>>>
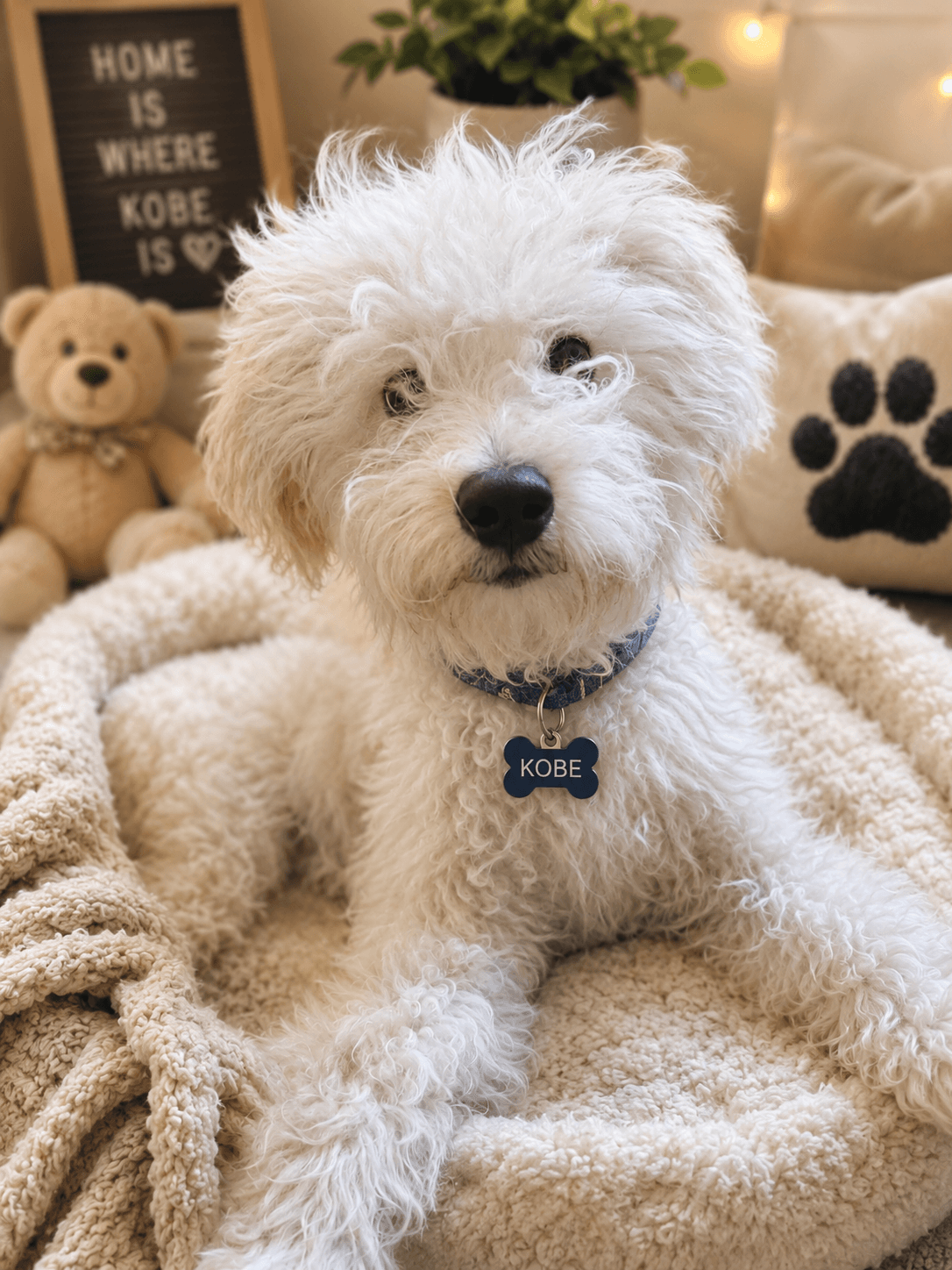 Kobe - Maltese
<<<
>>>
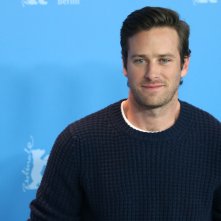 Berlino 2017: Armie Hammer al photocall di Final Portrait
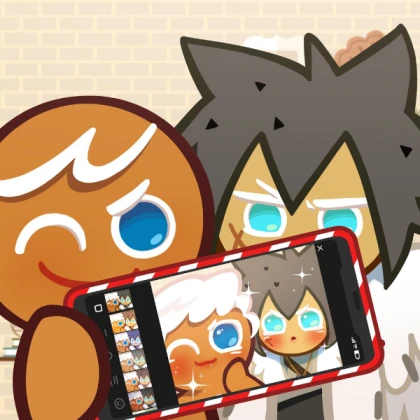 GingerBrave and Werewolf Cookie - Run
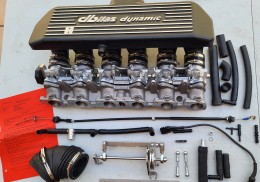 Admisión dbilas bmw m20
<<<
> _Task goal_:
Looking above, find the stretch of lines that opens with the one holding "Berlino 2017: Armie" and closes with the one holding "Admisión dbilas bmw m20". Copy it exactly, pictures excluded.

> _Task result_:
 Berlino 2017: Armie Hammer al photocall di Final Portrait
 GingerBrave and Werewolf Cookie - Run
 Admisión dbilas bmw m20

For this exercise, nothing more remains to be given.